• **What to do**:
Among the records that follow, find the line with "Sale Feelings Wonen" and the line with "Fall Hunting ’24 Gun & Gear Giveaway". Set down those lines and all lines between them exactly, without adding anything.

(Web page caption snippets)
______

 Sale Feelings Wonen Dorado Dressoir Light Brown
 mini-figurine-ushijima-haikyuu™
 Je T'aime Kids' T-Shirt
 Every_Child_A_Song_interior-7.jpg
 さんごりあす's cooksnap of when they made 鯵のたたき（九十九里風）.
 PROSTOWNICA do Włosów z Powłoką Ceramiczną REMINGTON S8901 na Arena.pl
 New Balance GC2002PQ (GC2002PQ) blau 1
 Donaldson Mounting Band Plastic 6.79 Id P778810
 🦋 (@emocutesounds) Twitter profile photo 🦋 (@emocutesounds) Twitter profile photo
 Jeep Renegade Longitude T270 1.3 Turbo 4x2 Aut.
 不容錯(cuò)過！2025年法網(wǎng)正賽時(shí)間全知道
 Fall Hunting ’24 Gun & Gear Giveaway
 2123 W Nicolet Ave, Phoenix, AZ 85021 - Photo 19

______

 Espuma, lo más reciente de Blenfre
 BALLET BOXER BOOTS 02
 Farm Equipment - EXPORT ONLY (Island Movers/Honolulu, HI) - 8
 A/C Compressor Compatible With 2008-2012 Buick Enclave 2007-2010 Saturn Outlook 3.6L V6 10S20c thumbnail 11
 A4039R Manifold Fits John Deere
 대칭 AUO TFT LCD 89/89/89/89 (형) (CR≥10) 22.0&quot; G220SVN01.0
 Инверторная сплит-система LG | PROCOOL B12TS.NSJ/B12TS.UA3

______

• **Task response**:
 Sale Feelings Wonen Dorado Dressoir Light Brown
 mini-figurine-ushijima-haikyuu™
 Je T'aime Kids' T-Shirt
 Every_Child_A_Song_interior-7.jpg
 さんごりあす's cooksnap of when they made 鯵のたたき（九十九里風）.
 PROSTOWNICA do Włosów z Powłoką Ceramiczną REMINGTON S8901 na Arena.pl
 New Balance GC2002PQ (GC2002PQ) blau 1
 Donaldson Mounting Band Plastic 6.79 Id P778810
 🦋 (@emocutesounds) Twitter profile photo 🦋 (@emocutesounds) Twitter profile photo
 Jeep Renegade Longitude T270 1.3 Turbo 4x2 Aut.
 不容錯(cuò)過！2025年法網(wǎng)正賽時(shí)間全知道
 Fall Hunting ’24 Gun & Gear Giveaway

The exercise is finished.